TTA calculates class probabilities for the original image and 4 transformed versions of the original image. In Lesson 1, we simply average these 5 probabilities to get the probability we use for classification, and so estimate our classifier’s accuracy as follows:

log_preds,y = learn.TTA()

probs = np.mean(np.exp(log_preds),0)

accuracy_np(probs, y)

I think instead of averaging the probabilities, a better way of aggregating the probabilities would be to average (i.e., take the arithmetic mean of) the log-odds corresponding to these probabilities; or, equivalently, take the geometric mean of the odds corresponding to these probabilities.

As an example, say we have a cats vs dogs classifier, and the classifier sees p(dog)=10% on the first 4 images. Now, if we simply average the probabilities, it makes almost no difference whether the classifier sees p(dog)=99% or p(dog)=99.99% on the 5th image; the average will be around 28% either way. However, if we average the log-odds instead, we obtain an aggregated probability of around 30% in the first case, and of around 52% in the second case. So it does make a difference now whether the classifier is “very sure” or “virtually certain” that the 5th image shows a dog.

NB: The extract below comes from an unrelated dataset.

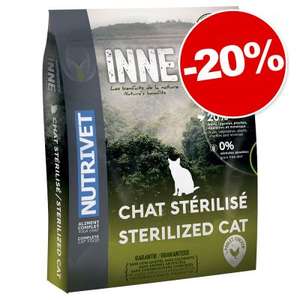 Paquet de croquettes pour chat Nutrivet Inne Cat Sterilized - 6 kg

A different way of thinking about averaging log-odds is that it is equivalent to averaging the outputs of the last FC layer before the softmax layer (the “logits”). The logits are natural quantities to take the arithmetic mean of, since they are themselves calculated as linear combinations of different feature activations.

In practice, I expect the difference between these two ways of aggregating to be most relevant if there is a feature in an image that is highly informative of class membership and is close to the edge of the image, so it can get lost when square-cropping.

In code, averaging the log-odds can be done as follows:

log_preds,y = learn.TTA()

all_probs = np.clip(np.exp(log_preds), 1e-6, 1-1e-6) # avoid division-by/log-of zero

log_odds = np.log(all_probs / (1-all_probs))

avg_odds = np.exp(np.mean(log_odds, 0))

probs = avg_odds / (1+avg_odds)

accuracy_np(probs, y)

I ran a small experiment using the cats vs dogs classifier from Lesson 1 and found a small, but statistically significant advantage (i.e. higher accuracy) for the second way of aggregating the probabilities.